JPMorgan CFO Change Helps Put Whale in Rear View
It's full steam ahead for JPMorgan Chase, as the company puts its hedge trading debacle further behind it and investors look ahead to a further return of capital.
JPMorgan Chase on Monday announced that Marianne Lake would take over from Douglas Braunstein as the company's new chief financial officer in January, and would join the company's Operating Committee, reporting to CEO James Dimon. Lake currently serves as the CFO for JPMorgan Chase's consumer and community Banking unit.
Braunstein will be moved upstairs, becoming a vice chairman of the company, to "focus on serving top clients of the firm — drawing on his years of expertise and experience in key client coverage roles in our investment bank."
UBS analyst Brennan Hawken on Monday said that Lake's appointment was "largely expected," and that her membership in the Operating Committee "restores the prior reporting structure for JPM's CFO, which was adjusted this summer in the wake of the CIO trading loss."
Hawken added that "although the firm has indicated Mr. Braunstein stepping down was not related to the whale trade, we expect some investors may view this as another step in putting that issue to rest."
CIO refers to JPMorgan's Chief Investment Office, responsible for the now infamous "London Whale" hedge trade, which led to $4.4 billion in trading losses during the second quarter, as the company worked to unwind a very large hedge position. The company still managed to earn $5 billion during the second quarter, with earnings increasing to $5.7 billion in the third quarter.
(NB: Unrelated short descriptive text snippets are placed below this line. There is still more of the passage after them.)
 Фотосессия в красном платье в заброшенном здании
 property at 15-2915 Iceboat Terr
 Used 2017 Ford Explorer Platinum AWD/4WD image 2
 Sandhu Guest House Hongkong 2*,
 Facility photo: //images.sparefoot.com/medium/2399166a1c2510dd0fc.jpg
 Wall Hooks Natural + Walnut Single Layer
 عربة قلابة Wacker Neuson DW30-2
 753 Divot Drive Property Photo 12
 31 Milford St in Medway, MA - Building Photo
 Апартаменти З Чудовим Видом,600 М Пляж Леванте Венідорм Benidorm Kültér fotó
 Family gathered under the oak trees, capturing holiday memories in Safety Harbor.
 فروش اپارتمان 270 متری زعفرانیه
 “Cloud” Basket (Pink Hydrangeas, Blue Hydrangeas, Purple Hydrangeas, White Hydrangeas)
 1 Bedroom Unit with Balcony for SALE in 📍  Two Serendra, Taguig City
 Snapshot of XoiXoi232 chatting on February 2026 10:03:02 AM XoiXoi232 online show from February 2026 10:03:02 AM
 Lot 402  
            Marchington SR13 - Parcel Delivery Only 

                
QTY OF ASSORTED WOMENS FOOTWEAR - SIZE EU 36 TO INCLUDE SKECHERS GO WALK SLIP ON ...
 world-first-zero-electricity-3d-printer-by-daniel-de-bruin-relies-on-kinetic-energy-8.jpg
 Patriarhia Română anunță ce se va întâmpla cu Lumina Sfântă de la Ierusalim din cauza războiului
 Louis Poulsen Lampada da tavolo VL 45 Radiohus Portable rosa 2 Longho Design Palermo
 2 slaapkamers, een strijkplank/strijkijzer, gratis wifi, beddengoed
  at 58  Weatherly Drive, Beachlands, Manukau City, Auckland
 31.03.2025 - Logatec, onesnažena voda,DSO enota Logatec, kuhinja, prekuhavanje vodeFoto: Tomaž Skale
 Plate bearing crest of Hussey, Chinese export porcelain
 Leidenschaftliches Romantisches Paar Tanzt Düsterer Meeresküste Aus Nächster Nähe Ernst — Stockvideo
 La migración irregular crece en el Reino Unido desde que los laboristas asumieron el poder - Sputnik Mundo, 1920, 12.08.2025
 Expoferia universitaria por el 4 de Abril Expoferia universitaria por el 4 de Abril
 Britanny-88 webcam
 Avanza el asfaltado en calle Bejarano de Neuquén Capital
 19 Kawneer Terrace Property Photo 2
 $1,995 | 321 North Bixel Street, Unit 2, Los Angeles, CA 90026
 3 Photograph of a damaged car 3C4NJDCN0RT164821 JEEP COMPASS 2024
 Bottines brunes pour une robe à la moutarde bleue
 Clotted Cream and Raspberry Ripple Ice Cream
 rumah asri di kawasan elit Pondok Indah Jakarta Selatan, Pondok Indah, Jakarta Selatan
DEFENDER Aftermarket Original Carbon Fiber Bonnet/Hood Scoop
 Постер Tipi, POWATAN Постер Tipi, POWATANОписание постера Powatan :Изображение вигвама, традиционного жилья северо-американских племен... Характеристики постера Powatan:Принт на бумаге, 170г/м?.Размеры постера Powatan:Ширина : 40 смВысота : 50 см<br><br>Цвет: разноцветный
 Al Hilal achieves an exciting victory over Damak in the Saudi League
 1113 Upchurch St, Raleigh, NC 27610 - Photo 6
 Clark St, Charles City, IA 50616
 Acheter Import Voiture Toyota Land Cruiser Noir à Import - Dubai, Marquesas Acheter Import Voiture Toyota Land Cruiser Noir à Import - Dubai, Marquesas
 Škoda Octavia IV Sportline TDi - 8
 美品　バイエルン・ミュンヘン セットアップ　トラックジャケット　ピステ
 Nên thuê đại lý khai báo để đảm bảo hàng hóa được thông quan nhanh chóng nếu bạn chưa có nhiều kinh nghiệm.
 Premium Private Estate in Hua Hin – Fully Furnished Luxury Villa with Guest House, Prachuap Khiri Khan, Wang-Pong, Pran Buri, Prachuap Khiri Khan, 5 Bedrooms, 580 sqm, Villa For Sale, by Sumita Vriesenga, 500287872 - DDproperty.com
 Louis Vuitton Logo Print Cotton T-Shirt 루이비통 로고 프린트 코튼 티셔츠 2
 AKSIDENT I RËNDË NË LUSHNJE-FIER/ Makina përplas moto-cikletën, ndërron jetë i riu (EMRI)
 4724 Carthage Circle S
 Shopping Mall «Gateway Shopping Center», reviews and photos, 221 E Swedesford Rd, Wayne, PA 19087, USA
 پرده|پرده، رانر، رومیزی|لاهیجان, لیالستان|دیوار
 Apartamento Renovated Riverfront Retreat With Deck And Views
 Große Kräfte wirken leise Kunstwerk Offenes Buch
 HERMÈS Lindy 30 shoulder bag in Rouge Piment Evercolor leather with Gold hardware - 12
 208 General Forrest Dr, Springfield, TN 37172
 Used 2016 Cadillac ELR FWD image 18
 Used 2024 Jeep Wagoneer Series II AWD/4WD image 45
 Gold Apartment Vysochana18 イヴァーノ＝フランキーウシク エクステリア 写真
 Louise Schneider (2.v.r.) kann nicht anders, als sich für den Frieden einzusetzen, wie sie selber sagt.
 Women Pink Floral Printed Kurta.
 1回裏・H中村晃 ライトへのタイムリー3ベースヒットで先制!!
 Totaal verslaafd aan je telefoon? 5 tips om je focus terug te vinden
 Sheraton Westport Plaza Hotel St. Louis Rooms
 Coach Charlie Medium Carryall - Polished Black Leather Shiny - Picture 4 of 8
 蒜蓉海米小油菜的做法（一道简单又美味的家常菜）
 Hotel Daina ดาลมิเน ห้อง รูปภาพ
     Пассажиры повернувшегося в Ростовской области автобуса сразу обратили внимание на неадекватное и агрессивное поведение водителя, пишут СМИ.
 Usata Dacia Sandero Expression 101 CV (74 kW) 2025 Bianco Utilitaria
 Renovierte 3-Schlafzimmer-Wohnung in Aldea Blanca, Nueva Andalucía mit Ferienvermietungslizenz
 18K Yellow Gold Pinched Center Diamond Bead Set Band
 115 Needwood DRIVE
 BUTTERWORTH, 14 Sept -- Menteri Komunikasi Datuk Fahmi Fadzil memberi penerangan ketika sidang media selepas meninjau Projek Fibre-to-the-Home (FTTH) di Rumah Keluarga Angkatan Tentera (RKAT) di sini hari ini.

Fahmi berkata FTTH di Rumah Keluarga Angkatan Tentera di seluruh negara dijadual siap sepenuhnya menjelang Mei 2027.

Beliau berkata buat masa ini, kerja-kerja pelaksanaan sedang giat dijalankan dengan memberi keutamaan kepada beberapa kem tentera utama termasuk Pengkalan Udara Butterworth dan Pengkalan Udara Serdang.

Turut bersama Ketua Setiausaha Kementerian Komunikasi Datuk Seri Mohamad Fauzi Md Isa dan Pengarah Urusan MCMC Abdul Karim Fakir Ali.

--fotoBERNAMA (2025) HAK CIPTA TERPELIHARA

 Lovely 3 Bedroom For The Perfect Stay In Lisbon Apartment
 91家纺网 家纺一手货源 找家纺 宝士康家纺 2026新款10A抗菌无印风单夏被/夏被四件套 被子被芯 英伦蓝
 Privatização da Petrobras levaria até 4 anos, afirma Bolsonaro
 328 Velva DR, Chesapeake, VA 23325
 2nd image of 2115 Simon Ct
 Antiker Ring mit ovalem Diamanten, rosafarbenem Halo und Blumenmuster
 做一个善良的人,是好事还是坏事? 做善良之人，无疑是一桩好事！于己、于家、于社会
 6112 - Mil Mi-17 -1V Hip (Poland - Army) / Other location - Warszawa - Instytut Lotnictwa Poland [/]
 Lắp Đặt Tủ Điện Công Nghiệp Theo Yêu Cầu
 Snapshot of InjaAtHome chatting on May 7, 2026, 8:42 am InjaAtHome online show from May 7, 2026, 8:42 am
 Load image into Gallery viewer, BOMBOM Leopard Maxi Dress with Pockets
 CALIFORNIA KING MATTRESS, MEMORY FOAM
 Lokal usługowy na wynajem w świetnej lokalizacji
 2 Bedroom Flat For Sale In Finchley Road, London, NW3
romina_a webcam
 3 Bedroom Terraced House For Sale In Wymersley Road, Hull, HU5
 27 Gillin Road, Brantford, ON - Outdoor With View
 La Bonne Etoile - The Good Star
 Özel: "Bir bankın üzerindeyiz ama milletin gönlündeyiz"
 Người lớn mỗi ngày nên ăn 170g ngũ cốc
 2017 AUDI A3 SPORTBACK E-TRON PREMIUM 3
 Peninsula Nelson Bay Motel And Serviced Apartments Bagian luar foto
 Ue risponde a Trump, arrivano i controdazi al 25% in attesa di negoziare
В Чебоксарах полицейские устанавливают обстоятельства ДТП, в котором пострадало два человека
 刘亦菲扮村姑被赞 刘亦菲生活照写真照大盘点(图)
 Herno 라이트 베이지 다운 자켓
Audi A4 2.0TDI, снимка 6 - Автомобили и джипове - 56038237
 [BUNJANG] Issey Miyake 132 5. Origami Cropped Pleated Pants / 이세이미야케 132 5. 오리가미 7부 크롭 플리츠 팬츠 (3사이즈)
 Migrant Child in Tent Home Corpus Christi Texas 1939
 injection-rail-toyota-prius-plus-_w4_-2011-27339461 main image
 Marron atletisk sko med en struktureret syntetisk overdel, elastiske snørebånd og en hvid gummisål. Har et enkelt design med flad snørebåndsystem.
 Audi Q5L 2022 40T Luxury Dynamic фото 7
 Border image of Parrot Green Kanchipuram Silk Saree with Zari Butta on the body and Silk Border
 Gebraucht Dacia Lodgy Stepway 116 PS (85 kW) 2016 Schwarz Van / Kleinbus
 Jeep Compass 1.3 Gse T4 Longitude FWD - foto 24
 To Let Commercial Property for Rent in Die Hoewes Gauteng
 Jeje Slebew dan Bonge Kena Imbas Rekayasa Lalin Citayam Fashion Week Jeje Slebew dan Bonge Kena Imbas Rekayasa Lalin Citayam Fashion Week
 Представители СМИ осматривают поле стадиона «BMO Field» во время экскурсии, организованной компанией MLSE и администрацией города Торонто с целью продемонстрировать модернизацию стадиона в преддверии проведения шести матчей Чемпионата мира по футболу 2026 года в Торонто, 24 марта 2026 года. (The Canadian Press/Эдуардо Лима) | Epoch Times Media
Following the completion of the last round of Federal Reserve stress tests in March, JPMorgan raised its quarterly dividend by a nickel to 30 cents a share, and its board of directors authorized a new share repurchase plan, with the Fed approving $12 billion in buybacks for 2012, followed by another $3 billion in buybacks for the first quarter of 2013. After Dimon in May first announced the hedge trading problem and provided a preliminary loss estimate, the company suspended its $15 billion share repurchase program, after buying back just $1.6 billion worth of shares.
The company reported on Nov. 8 that after submitting a revised capital plan to the Federal Reserve, the company was approved to buy back up to $3 billion in shares during the first quarter of 2013.
Hawken's "buy" rating for JPMorgan Chase was unchanged, along with his price target of $46, which represents 13 percent upside to the closing price on Monday of $40.59.
After the Federal Reserve released the economic scenarios it would use for its next round of stress tests to be completed in March 2013, KBW analyst Frederick Cannon estimated that JPMorgan would increase the quarterly dividend by 10 cents to 40 cents, while buying back a total of $12.4 billion in common shares during 2013. This would be quite a significant capital return, especially in light of the company's efforts to improve its risk management this year.
JPMorgan already has an attractive dividend yield of 2.96 percent based on the 30 cent dividend. If Canon's estimate proves to be accurate, the dividend yield would be 3.94 percent, based on Monday's closing price. That is quite a significant bit of income for yield-hungry investors in the prolonged low-rate environment.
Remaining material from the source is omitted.